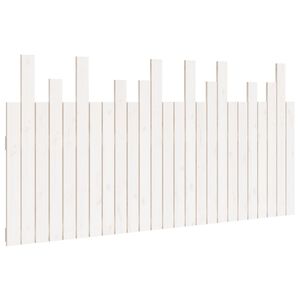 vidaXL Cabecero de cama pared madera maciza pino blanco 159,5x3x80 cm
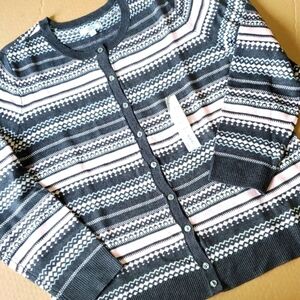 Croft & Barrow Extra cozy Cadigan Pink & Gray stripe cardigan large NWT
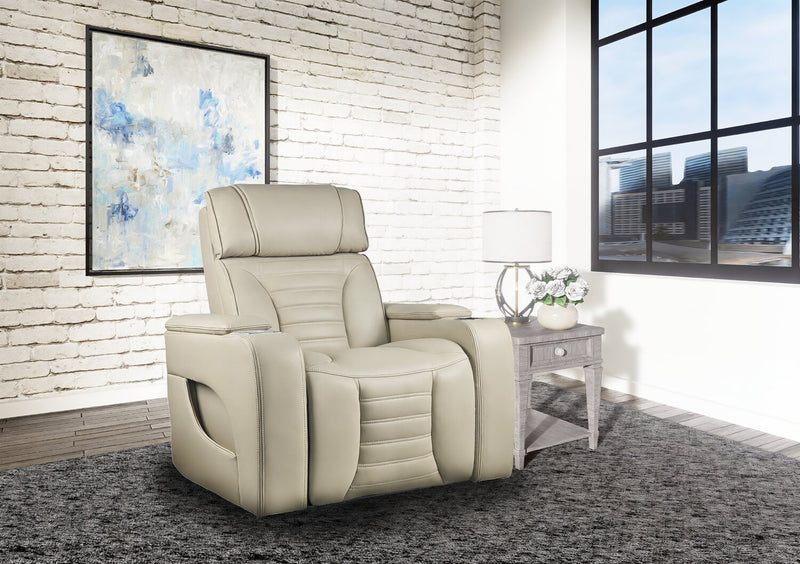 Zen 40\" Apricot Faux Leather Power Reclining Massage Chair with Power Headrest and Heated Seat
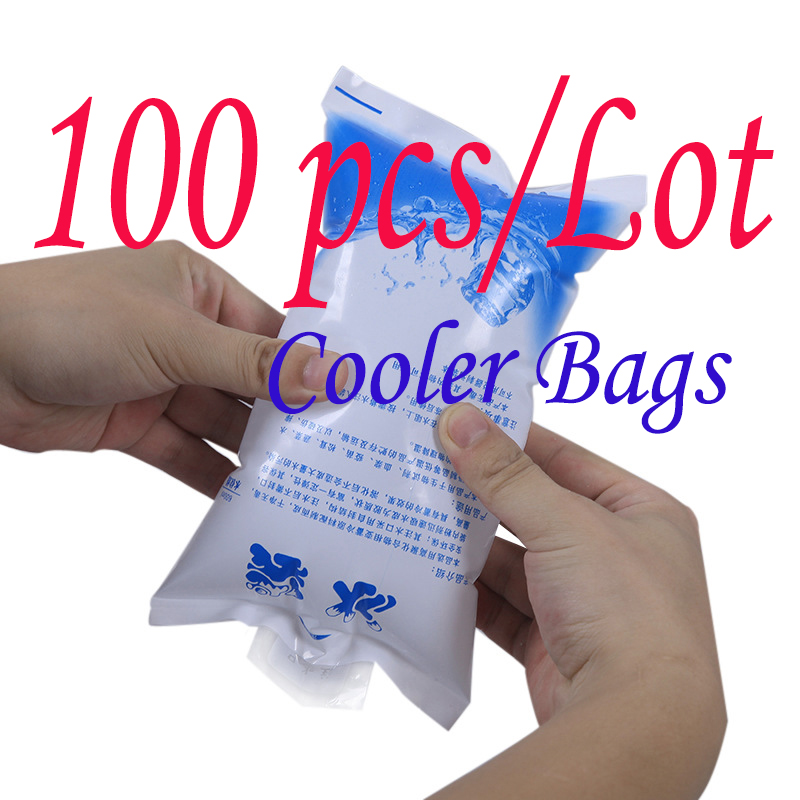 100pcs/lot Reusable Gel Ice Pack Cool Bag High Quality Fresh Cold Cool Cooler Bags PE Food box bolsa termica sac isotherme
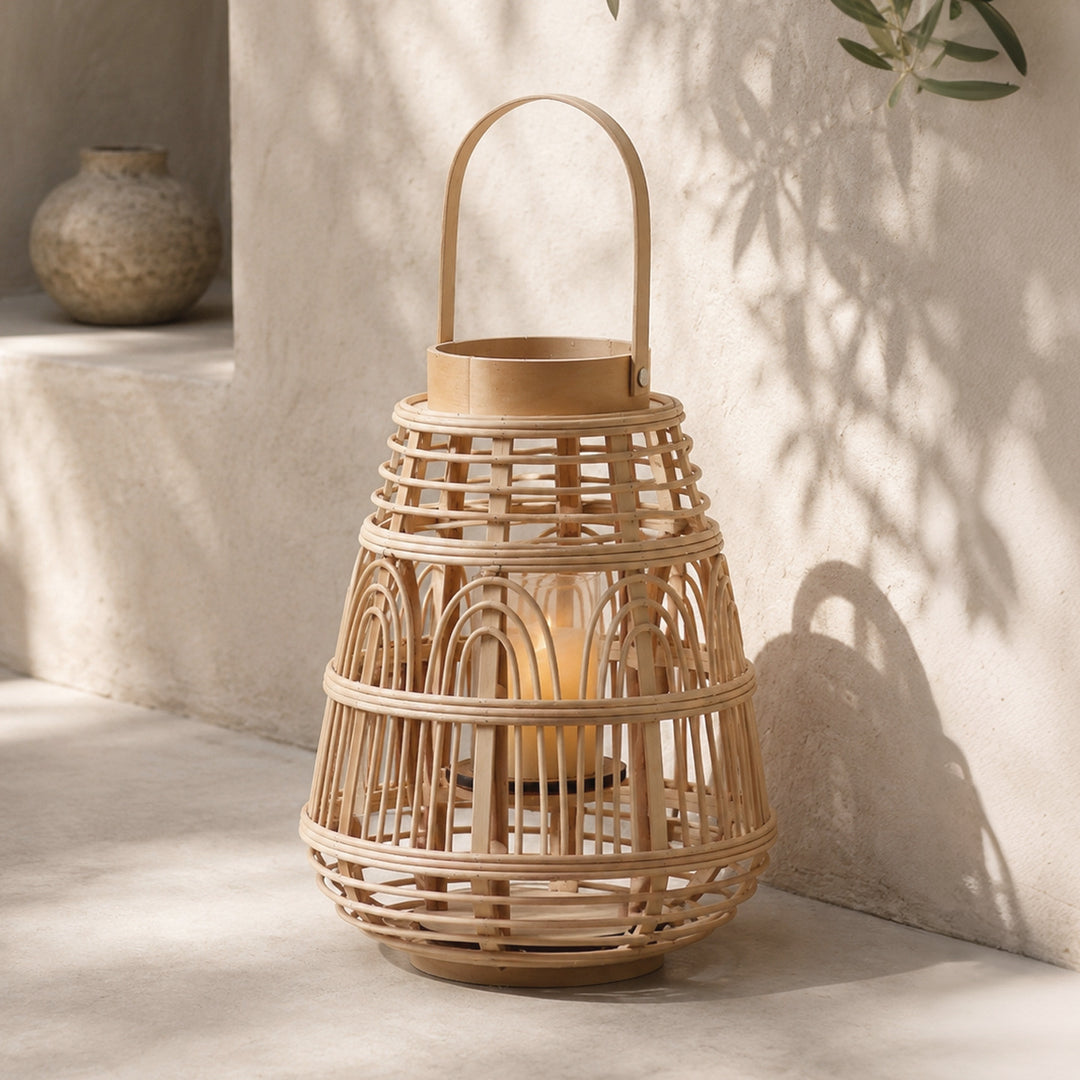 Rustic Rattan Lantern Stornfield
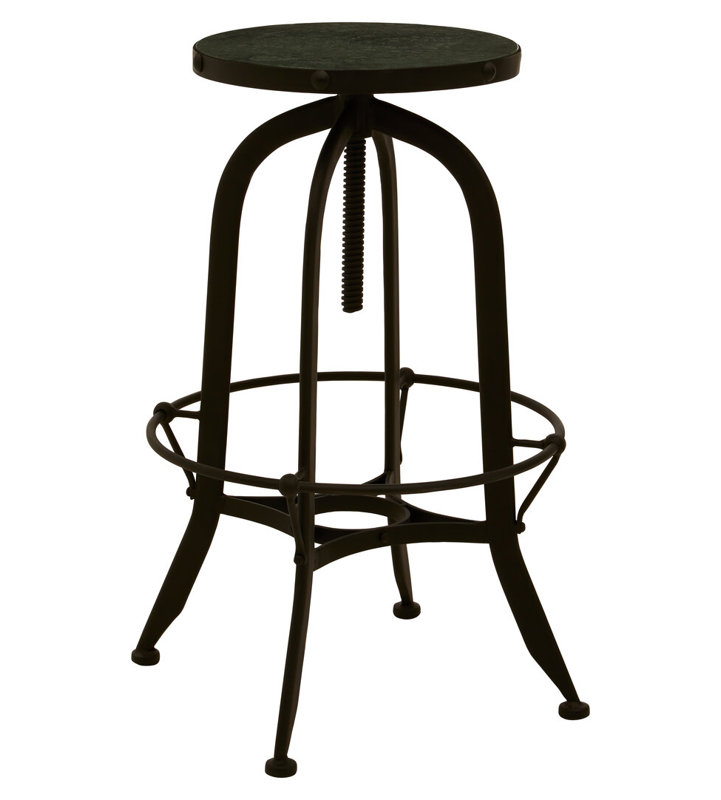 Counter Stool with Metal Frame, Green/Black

ACTIVITY
Pictures should not appear in the copy. Write out exactly the lines above from the first one through the line that contains "and Heated Seat".

RESPONSE TO THIS TASK
 vidaXL Cabecero de cama pared madera maciza pino blanco 159,5x3x80 cm
 Croft & Barrow Extra cozy Cadigan Pink & Gray stripe cardigan large NWT
 Zen 40\" Apricot Faux Leather Power Reclining Massage Chair with Power Headrest and Heated Seat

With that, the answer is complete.